### Exercise details
A faithful copy of every entry is the goal; keep the images out of it.

=== Provided data ===

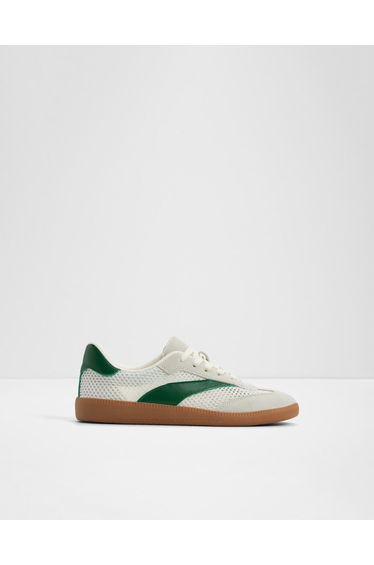 Clubstyle / Sneakers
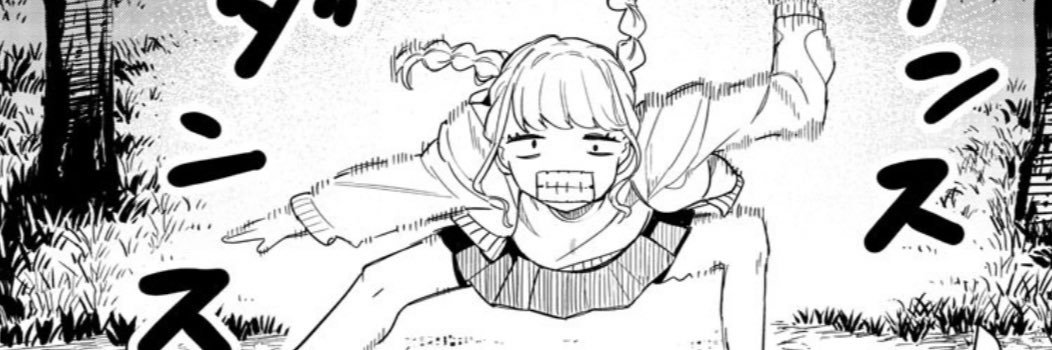 trtnhaha's profile banner image
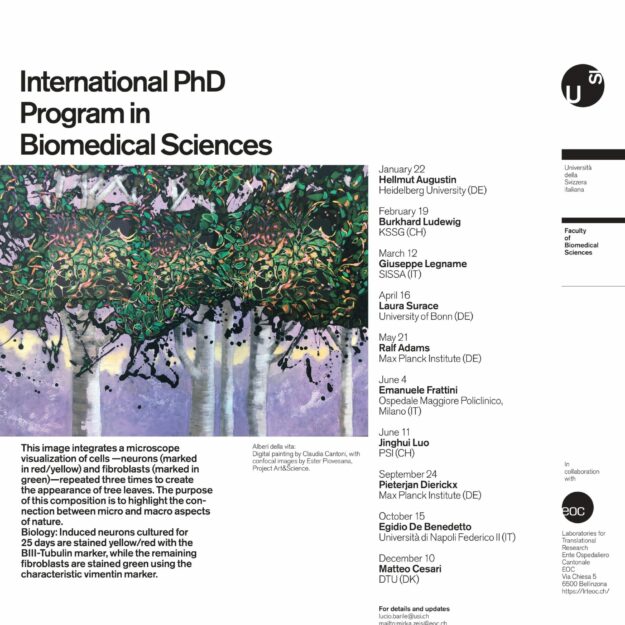 PhD-biomedical-science-A3_2025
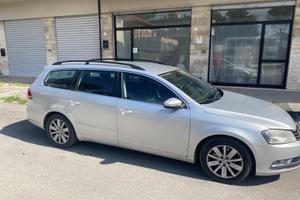 passat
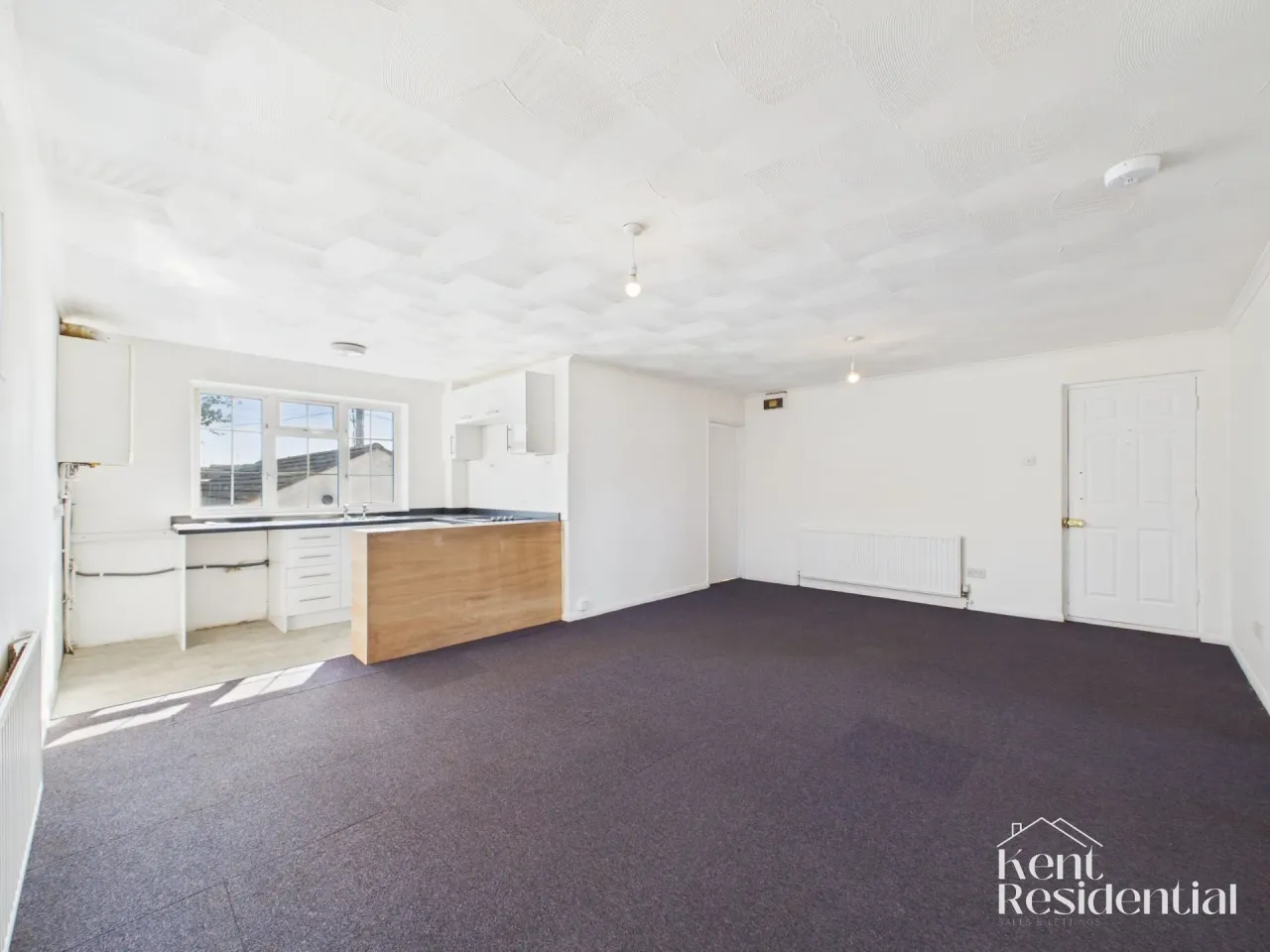 Wing Road, Leysdown-On-Sea, ME12, photo 2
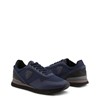  Lamborghini Men Shoes E0xubsa1 Blue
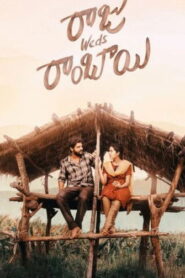 Raju Weds Rambai (2025) Telugu WEB-DL H264 AAC 1080p 720p 480p ESub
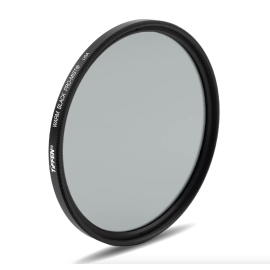 Filter Tiffen Pro-Mist (Màu đen ấm) Filter Tiffen Pro-Mist (Màu đen ấm)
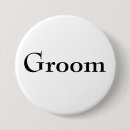 Search for posh badges For him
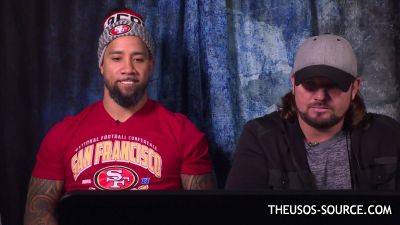 AJ_STYLES_vs_JEY_USO_-_Madden_18_Tournament_Rd__1_-_Gamer_Gauntlet_mp4257.jpg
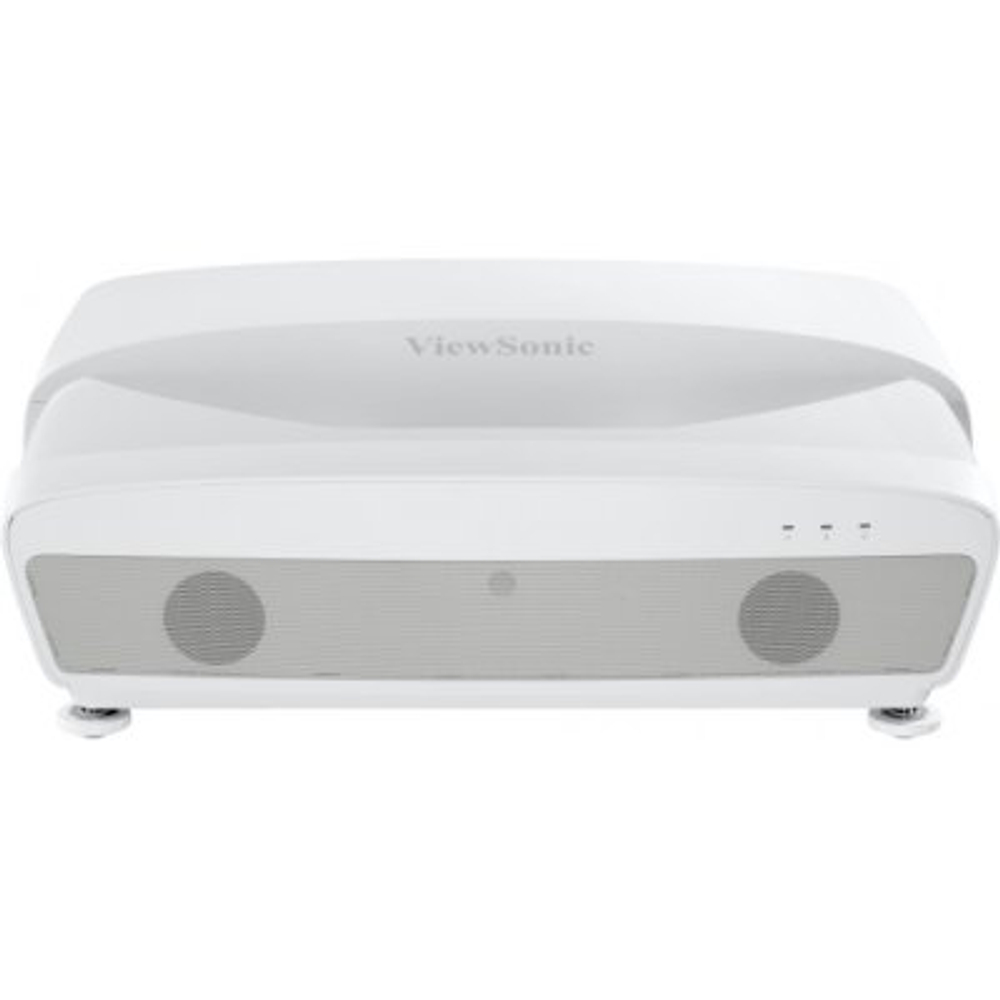 Проектор ViewSonic LS831WU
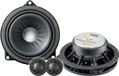 Eton B100W - 10cm 2-weg Composet - Autospeakers voor BMW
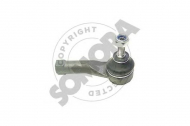 Шарнир SOMORA 241185R
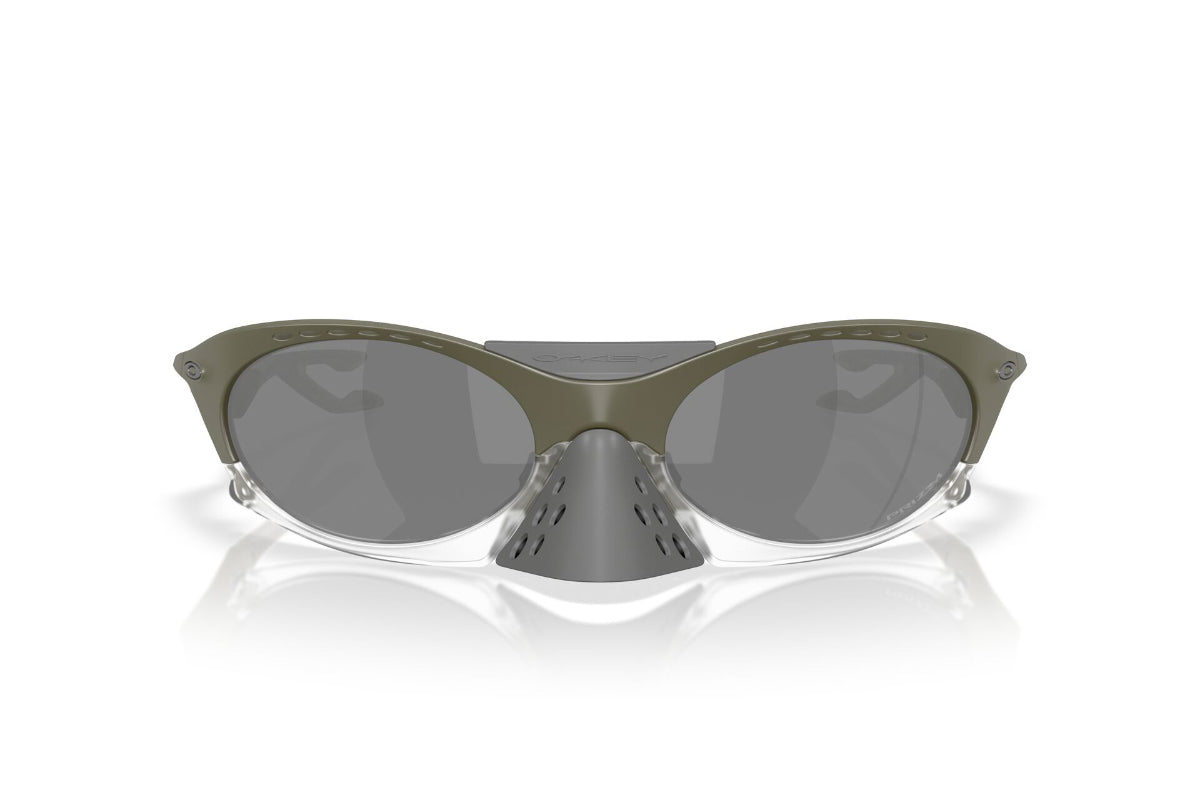 Oakley Plantaris Prizm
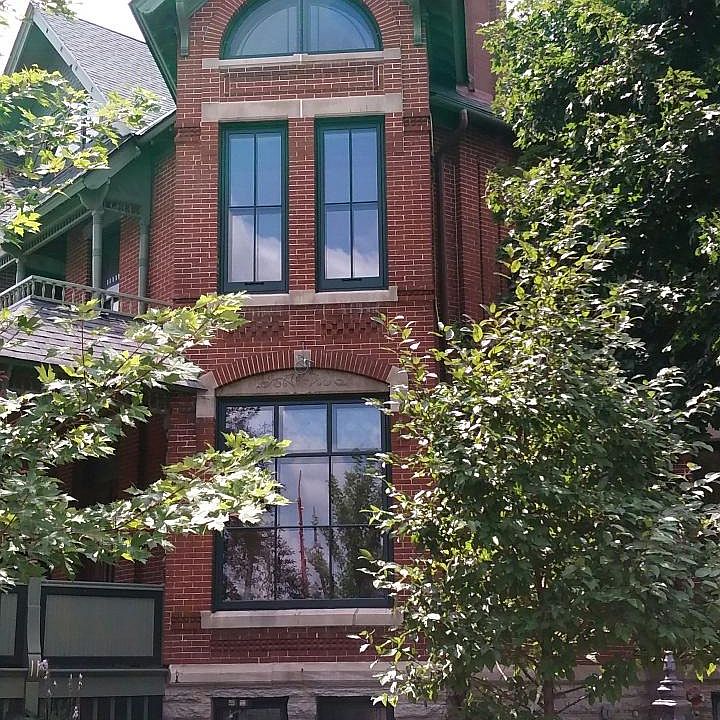 2nd image of 1700 3rd Ave S APT 6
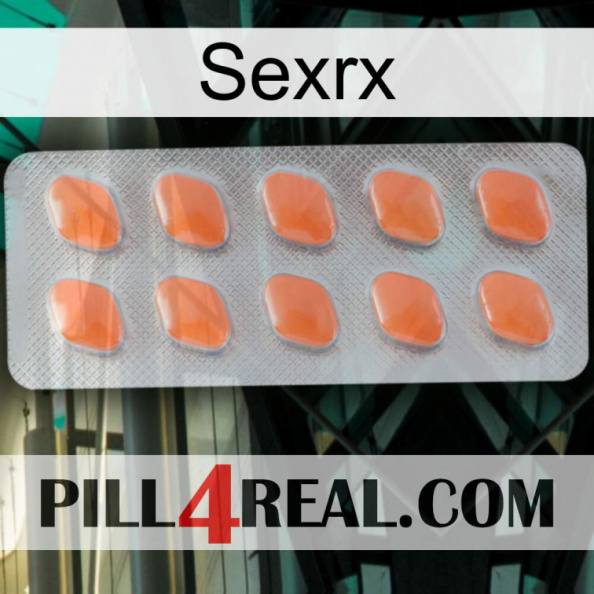 Sexrx 26.jpg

===

### Answer to the problem
 Clubstyle / Sneakers
 trtnhaha's profile banner image
 PhD-biomedical-science-A3_2025
 passat
 Wing Road, Leysdown-On-Sea, ME12, photo 2
  Lamborghini Men Shoes E0xubsa1 Blue
 Raju Weds Rambai (2025) Telugu WEB-DL H264 AAC 1080p 720p 480p ESub
 Filter Tiffen Pro-Mist (Màu đen ấm) Filter Tiffen Pro-Mist (Màu đen ấm)
 Search for posh badges For him
 AJ_STYLES_vs_JEY_USO_-_Madden_18_Tournament_Rd__1_-_Gamer_Gauntlet_mp4257.jpg
 Проектор ViewSonic LS831WU
 Eton B100W - 10cm 2-weg Composet - Autospeakers voor BMW
 Шарнир SOMORA 241185R
 Oakley Plantaris Prizm
 2nd image of 1700 3rd Ave S APT 6
 Sexrx 26.jpg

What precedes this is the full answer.